* [Records supplied]:
---+---
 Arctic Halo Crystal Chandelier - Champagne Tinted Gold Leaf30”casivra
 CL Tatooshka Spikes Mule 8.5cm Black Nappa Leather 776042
---+---
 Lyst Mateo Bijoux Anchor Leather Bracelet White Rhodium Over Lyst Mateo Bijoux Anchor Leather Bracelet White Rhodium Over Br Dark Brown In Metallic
---+---
Transcribe, exactly and without additions, the lines of the records above, beginning with the line that contains "Arctic Halo Crystal" and ending with the line that contains "CL Tatooshka Spikes", both included.

 Arctic Halo Crystal Chandelier - Champagne Tinted Gold Leaf30”casivra
 CL Tatooshka Spikes Mule 8.5cm Black Nappa Leather 776042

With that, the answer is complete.